The Corps of Engineers in Slidell discussed projects yesterday.

The Army Corps of Engineers is scheduled to make a decision on a Pearl River flood reduction plan that could prevent massive flooding in the Jackson, Mississippi, area, but it’s raised a number of concerns downriver in Louisiana. During a public meeting in Slidell Tuesday, the corps discussed proposed flooding solutions and gathered additional public input to be considered in a final environmental impact statement that will guide a decision. Corps representatives presented a combination of flood risk management plans as identified by the Rankin-Hinds Flood Control and Drainage District, the Jackson-based public agency that has pushed for flood improvements in central Mississippi. The plan preferred by the district, known as “One Lake,” calls for dredging and widening portions of the Pearl River in Mississippi, and removing an existing dam while rebuilding a larger one downstream. The proposed, $342 million plan would also upgrade an existing levee into a federally controlled ring levee around a wastewater treatment plant that has been blamed for releasing millions of gallons of wastewater into the river between 2020-2022.

A lake would be formed but that is where Louisiana comes in.

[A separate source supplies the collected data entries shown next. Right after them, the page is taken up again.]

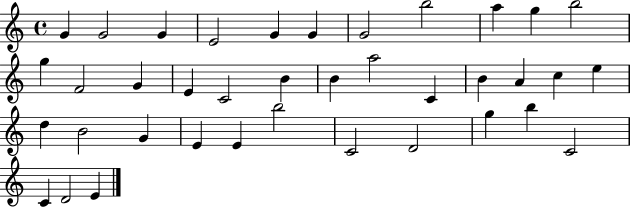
{
  \clef treble
  \time 4/4
  \defaultTimeSignature
  \key c \major
  g'4 g'2 g'4 | e'2 g'4 g'4 | g'2 b''2 | a''4 g''4 b''2 | \break g''4 f'2 g'4 | e'4 c'2 b'4 | b'4 a''2 c'4 | b'4 a'4 c''4 e''4 | \break d''4 b'2 g'4 | e'4 e'4 b''2 | c'2 d'2 | g''4 b''4 c'2 | \break c'4 d'2 e'4 | \bar "|."
}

A portion of the Pearl River would also become an 1,800-acre lake, a move that has stirred much controversy and opposition from environmental activists, elected officials and residents downriver, particularly in St. Tammany Parish. One of the chief worries downstream is that the dam will choke the flow of water into Louisiana, wrecking the ecology of the Pearl River Basin. During Tuesday’s meeting in Slidell, several audience members voiced concerns that real estate development is driving the One Lake project, not flood control. “They’re already advertising lots in the Jackson area,” said John Gattenberg of New Orleans. Gattenberg asked if increased land and property values associated with the new lake would be dispersed to those displaced by the project. Robin Colosimo of the Corps said the agency isn’t looking to make investments that drive people away from their homes. Other concerns raised by audience members included the impact on wetlands, further disruption to ecosystems and the shrimp, crab, and oyster industry, risk of storm surge, and a history of abandoned infrastructure projects — dams and lock systems that have sat in disarray for years. “I just think instead of building more things, the U.S Army Corps of Engineers should take care of what they’ve already built in the Pearl River Basin instead of constructing more problems,” said Janice O’Berry of Pearl River.

Some say the river is no more than a ditch.

O’Berry also said that “common sense” measures are being overlooked. Comparing the Pearl River to a 414-mile ditch, O’Berry said the river is full of debris and needs to be cleaned in order to drain and flow properly. “The Pearl is nothing but a big ditch and down here, that ditch is clogged up,” she said. In response, Colosimo said infrastructure maintenance is a problem nationwide “in every aspect of government.” Alternatives to the One Lake plan include buying out and relocating over 3,000 homes, businesses, schools, and other structures that pose the greatest risk for flooding as well as investing in elevation and flood proofing measures. The Corps states in the Federal Register that while this option would bring the least impact to natural resources, it would have a significant impact on housing, employment, and economic growth. The public has until June 20 to submit comments with a final report expected to be completed by December. 

More than a ditch and the lake sounds like a gift to developers.